This page covers the Sound capabilities that are found in some eBook Readers. It is not intended to be a complete technical page on digital sound.
 Sound Use
Many eBook reading devices do not support sound or only support beeps. Those that do tend to support sound for music background while reading eBooks. Some, however, consider it another format for eBooks themselves (called audio books). For example MP3 books are readily available as an alternative to reading. Audible is a company that specializes in producing audio books using a highly compressed proprietary format.
For readers that are trying to learn a new language having the audio playing while reading a book can aid in learning the language pronunciation. Some eBook readers even support reading a book aloud by synthesized TTS (text to Speech) technology. This permits the text pages to be synced exactly with the sound although some may argue that synthesized sound does not produce good pronunciation for many words. Other Read aloud techniques can be used to provide synchronized sound recordings.
This page covers the digital formats used in the recording and reproduction of sounds also called audio formats. It is also possible to define music using a notation system and then create music directly from the notations. See the article on MIDI for a discussion of this system.
Many eBook readers advertise long battery life based on weeks between charges. However, this is not true if you use the reader for music or other sounds. The long life is based on the fact that the internal electronics can be mostly shut down while you are reading the page but that is not possible for audio. Expect battery life to be 4 to 8 hours when audio is in use although a few may stretch it out. The volume effects battery life so feeding the sound output into external amplified speakers will often extend the battery life, while using un-amplified speakers loud enough to hear without headphones will shorten it.
Of course audio is also an integral part of most video system.

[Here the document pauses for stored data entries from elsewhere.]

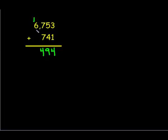One thousand plus six thousand equals seven thousand. So our sum is seven thousand four hundred ninety-four.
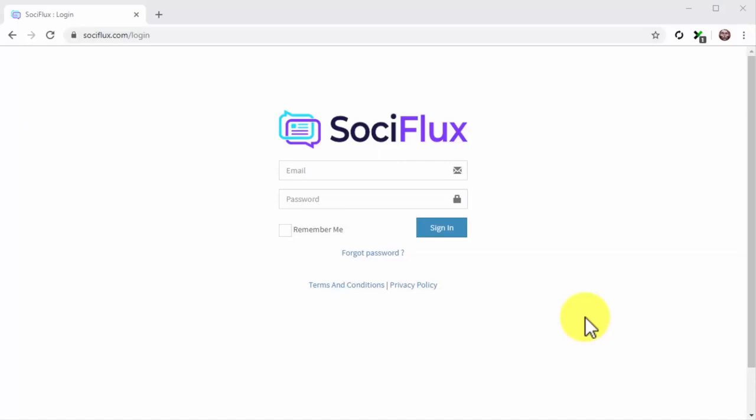Hey there everyone, welcome to SociFlux, the only app you'll ever need to spike traffic on all your websites and social media accounts.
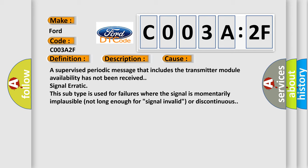Signal erratic. This subtype is used for failures where the signal is momentarily implausible, not long enough for signal invalid or discontinuous.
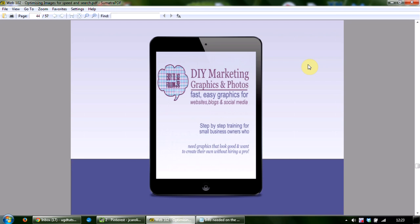We've had a fair bit of feedback asking for certain things, including how to make images that look professional and generate engagement, software that's easy to use without a steep learning curve so it's easy to come back to after time away, clear instructional videos all in one place saving time finding the right ones on YouTube, and so forth. We took all these comments into account and put them into the melting pot.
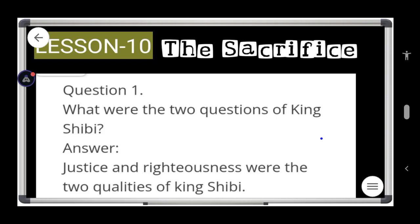Hello students, hope you all are fine. Today we are going to complete Lesson 8, Special English Lesson 10: The Sacrifice, question answers. So are you guys ready? Just get ready with a copy and pen and write down these question answers in your copy.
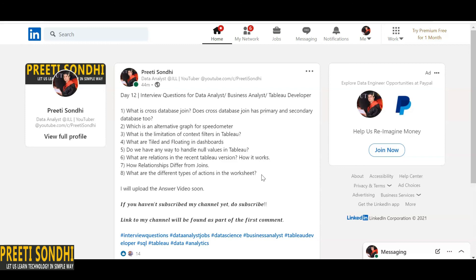The eighth question: what are the different types of actions in a worksheet? There are actions like highlight, go to URL, go to sheet, change parameter, and change set values. You can read about all of these on the official Tableau website. That's all for today's questions. If you have any queries, write in the comments. Please subscribe, like, and share the video. Thank you and bye!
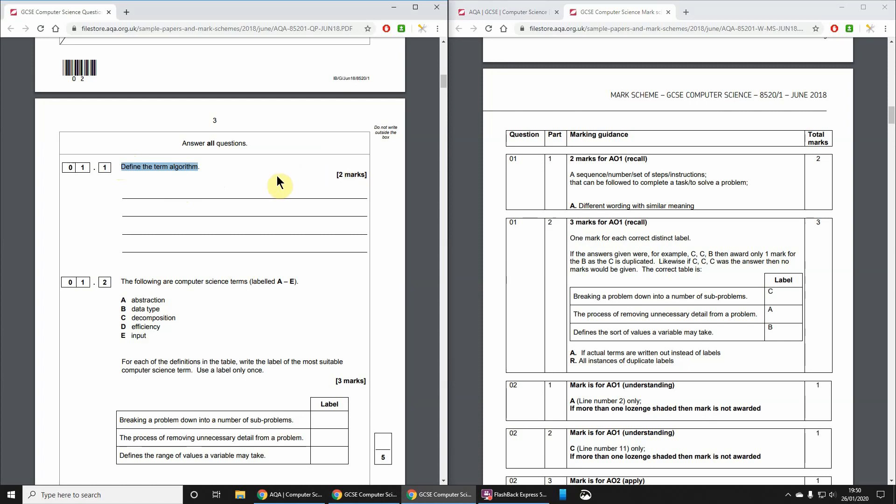An algorithm is a set of instructions to solve some sort of problem. So we need to have a two-step answer: a set of steps or instructions to solve a problem. We could get two marks on that.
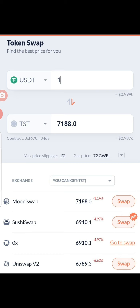Uniswap has the least favorable price per dollar, meaning one dollar will get you about 6,700+ TST. So if you are looking to buy TST at a discounted price but don't want to become a TST agent, the best approach is to buy from any of these exchanges and pick which one favors you.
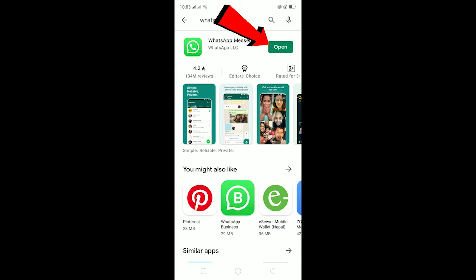If there was an update button instead of open, then I would need to update my WhatsApp. So if you also have an update button, make sure to update your WhatsApp and this should fix the problem.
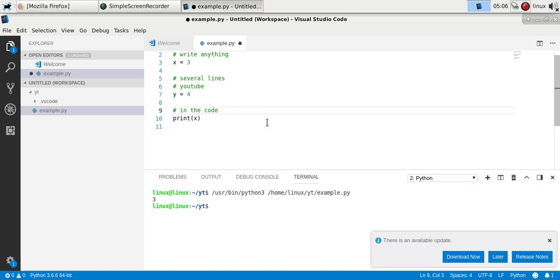Now there is some dispute about what this symbol is actually named — some call it octothorpe, hash, number sign, and on the internet you'll find various names for this symbol.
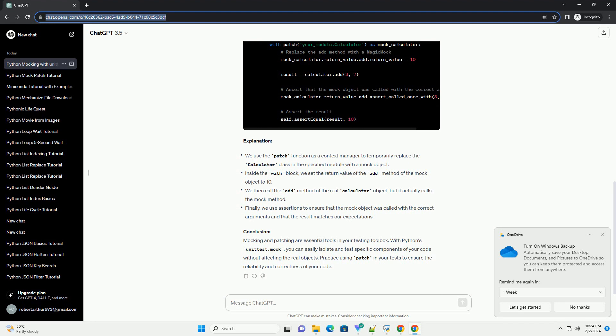Practice using patch in your tests to ensure the reliability and correctness of your code.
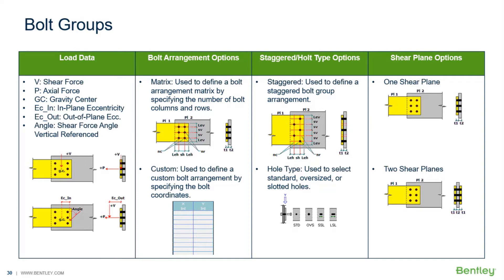Welcome to the Bentley Systems training course where you will learn how to design bolt groups in RAM Connection standalone. Throughout this video, we will show you the complete workflow for this process, which will include specifying your design configuration, entering your load data, bolt arrangement options,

A video format and a usually synchronized audio format are combined and placed inside a container format. These container formats are specified in the video article.
 Sound Formats
Advanced Audio Coding (AAC) is a standardized, lossy compression and encoding scheme for digital audio. AAC is promoted as the successor to the MP3 format by MP3’s creator, Fraunhofer IIS.
AAC generally achieves better sound quality than MP3 at the same bitrate, particularly below 192 kbit/s. AAC uses a modular approach in encoding providing the flexibility to use different tools depending on the application and complexity requirements. AAC offers different profiles by making use of tools such as TNS (Temporal Noise Shaping), PNS (Perceptual Noise Substitution), Mid-Side stereo, Intensity stereo, and frequency domain prediction.
AAC’s most famous use is as the default audio format of Apple's iPhone, iPod, iTunes, and the format used for all iTunes Store audio (with extensions for proprietary Digital Rights Management, DRM, where used).
AAC is also the standard audio format for Sony’s PlayStation 3 and the MPEG-4 video standard. HE-AAC is part of digital radio standards like DAB+ and Digital Radio Mondiale. AAC-LC is a low complexity version of AAC, and does not support frequency domain prediction tool, it is standardized by MPEG-2 (part 7) and MPEG-4 (part 3)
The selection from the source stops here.